About this exercise
Reproduce the section of the listing that begins at the line containing "Girls' Toddler Red" and finishes at the line containing "Gray Leather Sectional Couch And Ottoman". Include both end lines and nothing beyond them.

· · · · ·

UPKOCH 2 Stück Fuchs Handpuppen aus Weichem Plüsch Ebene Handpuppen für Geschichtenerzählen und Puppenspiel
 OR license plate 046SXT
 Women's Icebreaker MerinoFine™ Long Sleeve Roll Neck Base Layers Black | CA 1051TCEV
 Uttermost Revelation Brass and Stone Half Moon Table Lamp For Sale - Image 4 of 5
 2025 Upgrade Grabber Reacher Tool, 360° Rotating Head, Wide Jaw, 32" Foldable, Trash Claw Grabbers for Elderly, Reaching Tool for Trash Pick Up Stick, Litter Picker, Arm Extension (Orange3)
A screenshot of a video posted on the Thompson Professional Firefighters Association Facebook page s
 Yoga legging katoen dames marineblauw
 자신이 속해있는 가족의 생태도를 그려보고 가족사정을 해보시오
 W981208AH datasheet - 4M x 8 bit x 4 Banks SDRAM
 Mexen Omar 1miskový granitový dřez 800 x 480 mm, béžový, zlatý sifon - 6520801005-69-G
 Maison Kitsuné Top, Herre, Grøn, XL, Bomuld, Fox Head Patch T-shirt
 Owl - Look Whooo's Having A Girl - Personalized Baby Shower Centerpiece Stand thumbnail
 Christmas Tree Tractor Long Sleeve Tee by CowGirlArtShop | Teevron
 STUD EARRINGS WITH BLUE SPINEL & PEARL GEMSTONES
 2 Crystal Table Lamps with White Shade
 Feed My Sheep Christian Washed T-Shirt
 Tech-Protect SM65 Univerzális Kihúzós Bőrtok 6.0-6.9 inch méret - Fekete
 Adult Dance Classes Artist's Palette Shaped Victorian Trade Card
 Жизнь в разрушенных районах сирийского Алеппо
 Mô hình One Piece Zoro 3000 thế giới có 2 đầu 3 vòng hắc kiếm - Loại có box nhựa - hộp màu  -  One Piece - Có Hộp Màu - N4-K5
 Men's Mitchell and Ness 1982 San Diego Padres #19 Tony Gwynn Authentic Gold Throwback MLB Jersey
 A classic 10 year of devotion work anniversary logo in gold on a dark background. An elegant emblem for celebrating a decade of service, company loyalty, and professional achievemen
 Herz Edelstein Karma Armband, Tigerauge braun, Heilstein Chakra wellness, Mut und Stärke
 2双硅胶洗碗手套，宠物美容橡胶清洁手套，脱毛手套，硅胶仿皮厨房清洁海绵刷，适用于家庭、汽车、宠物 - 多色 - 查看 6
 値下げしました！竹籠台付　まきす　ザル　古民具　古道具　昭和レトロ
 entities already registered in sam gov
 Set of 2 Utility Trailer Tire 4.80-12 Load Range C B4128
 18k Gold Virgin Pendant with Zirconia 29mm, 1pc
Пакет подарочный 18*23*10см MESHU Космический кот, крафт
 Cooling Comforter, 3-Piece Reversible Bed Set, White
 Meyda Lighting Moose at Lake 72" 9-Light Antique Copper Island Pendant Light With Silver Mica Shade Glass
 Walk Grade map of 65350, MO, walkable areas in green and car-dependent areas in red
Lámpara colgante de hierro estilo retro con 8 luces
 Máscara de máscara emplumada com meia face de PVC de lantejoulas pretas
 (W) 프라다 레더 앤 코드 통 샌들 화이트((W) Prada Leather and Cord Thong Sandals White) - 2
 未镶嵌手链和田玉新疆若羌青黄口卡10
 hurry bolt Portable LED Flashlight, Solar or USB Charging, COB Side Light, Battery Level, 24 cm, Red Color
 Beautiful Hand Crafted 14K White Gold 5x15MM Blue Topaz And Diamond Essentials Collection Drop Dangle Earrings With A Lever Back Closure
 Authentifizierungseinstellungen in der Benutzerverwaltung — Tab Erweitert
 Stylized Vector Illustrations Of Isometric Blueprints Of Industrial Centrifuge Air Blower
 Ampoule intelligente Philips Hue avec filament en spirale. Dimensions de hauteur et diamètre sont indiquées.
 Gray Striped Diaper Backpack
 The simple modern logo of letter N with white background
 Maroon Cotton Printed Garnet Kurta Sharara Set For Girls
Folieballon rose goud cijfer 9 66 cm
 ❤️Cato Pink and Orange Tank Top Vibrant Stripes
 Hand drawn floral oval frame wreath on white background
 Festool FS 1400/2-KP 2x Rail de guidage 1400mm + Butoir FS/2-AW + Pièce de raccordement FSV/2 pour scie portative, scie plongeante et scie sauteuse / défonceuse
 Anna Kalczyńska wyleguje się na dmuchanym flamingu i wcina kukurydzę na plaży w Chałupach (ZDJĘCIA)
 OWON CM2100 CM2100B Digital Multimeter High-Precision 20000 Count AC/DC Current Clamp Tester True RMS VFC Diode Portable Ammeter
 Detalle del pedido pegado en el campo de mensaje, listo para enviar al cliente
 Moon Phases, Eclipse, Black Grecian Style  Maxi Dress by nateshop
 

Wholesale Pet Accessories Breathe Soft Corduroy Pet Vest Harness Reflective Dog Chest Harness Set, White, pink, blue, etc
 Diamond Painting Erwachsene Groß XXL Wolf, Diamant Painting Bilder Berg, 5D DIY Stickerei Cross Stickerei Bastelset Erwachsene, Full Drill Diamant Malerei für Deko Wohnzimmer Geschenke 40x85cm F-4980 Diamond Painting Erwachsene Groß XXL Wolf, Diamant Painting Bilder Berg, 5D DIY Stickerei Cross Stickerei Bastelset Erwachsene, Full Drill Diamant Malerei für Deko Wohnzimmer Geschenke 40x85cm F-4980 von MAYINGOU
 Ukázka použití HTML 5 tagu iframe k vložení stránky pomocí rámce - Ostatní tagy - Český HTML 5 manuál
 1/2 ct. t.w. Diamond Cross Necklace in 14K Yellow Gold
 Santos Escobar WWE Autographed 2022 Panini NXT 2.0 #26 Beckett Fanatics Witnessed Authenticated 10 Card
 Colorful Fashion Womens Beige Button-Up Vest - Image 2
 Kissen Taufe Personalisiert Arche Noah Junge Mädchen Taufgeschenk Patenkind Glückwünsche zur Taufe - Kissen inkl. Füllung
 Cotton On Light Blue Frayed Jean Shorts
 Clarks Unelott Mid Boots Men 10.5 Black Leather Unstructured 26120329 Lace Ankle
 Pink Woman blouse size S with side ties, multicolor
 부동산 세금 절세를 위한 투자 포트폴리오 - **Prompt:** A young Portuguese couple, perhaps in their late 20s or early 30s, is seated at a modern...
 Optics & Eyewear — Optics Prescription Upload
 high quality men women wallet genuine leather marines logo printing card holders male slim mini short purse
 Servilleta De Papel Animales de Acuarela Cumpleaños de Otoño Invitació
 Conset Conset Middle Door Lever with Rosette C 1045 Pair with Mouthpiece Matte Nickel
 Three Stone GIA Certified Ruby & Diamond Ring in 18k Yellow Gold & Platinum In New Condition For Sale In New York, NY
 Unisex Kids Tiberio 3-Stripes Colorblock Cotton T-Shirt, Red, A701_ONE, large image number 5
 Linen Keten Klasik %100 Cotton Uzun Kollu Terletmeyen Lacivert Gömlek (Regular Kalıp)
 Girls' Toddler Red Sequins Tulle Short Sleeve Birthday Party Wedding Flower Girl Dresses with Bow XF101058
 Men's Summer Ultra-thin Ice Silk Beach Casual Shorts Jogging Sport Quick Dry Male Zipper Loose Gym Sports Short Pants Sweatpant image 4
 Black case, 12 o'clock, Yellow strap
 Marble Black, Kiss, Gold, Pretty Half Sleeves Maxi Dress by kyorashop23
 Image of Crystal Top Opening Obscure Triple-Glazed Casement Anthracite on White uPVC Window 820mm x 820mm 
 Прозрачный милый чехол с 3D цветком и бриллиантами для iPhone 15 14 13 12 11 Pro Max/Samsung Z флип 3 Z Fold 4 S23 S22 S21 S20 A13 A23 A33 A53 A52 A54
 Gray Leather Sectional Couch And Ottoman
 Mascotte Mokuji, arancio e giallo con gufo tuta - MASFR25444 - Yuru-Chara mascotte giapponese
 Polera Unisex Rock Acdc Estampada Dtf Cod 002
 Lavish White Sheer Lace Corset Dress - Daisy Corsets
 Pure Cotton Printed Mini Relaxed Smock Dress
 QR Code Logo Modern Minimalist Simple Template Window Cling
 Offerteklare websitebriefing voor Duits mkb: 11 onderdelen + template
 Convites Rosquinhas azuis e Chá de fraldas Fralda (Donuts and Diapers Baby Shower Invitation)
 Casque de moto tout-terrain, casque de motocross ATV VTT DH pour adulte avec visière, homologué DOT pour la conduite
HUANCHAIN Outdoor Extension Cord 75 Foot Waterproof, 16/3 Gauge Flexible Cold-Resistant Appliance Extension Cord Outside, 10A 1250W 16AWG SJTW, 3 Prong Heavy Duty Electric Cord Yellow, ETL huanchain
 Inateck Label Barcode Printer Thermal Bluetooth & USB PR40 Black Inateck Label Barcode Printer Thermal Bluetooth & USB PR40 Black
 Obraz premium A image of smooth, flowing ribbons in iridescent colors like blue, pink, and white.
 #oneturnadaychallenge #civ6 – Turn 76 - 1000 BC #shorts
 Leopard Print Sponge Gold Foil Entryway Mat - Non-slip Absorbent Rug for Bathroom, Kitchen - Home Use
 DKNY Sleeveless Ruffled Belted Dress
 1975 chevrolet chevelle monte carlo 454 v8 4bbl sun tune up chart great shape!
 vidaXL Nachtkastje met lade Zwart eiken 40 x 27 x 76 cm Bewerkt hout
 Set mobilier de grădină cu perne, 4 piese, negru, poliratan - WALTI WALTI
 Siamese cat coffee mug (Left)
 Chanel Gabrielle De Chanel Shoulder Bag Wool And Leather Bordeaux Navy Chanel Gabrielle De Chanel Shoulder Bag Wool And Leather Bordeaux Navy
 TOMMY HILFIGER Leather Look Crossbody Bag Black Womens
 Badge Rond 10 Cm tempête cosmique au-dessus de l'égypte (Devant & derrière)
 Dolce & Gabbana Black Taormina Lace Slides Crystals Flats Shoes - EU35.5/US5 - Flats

· · · · ·

Task answer
 Girls' Toddler Red Sequins Tulle Short Sleeve Birthday Party Wedding Flower Girl Dresses with Bow XF101058
 Men's Summer Ultra-thin Ice Silk Beach Casual Shorts Jogging Sport Quick Dry Male Zipper Loose Gym Sports Short Pants Sweatpant image 4
 Black case, 12 o'clock, Yellow strap
 Marble Black, Kiss, Gold, Pretty Half Sleeves Maxi Dress by kyorashop23
 Image of Crystal Top Opening Obscure Triple-Glazed Casement Anthracite on White uPVC Window 820mm x 820mm 
 Прозрачный милый чехол с 3D цветком и бриллиантами для iPhone 15 14 13 12 11 Pro Max/Samsung Z флип 3 Z Fold 4 S23 S22 S21 S20 A13 A23 A33 A53 A52 A54
 Gray Leather Sectional Couch And Ottoman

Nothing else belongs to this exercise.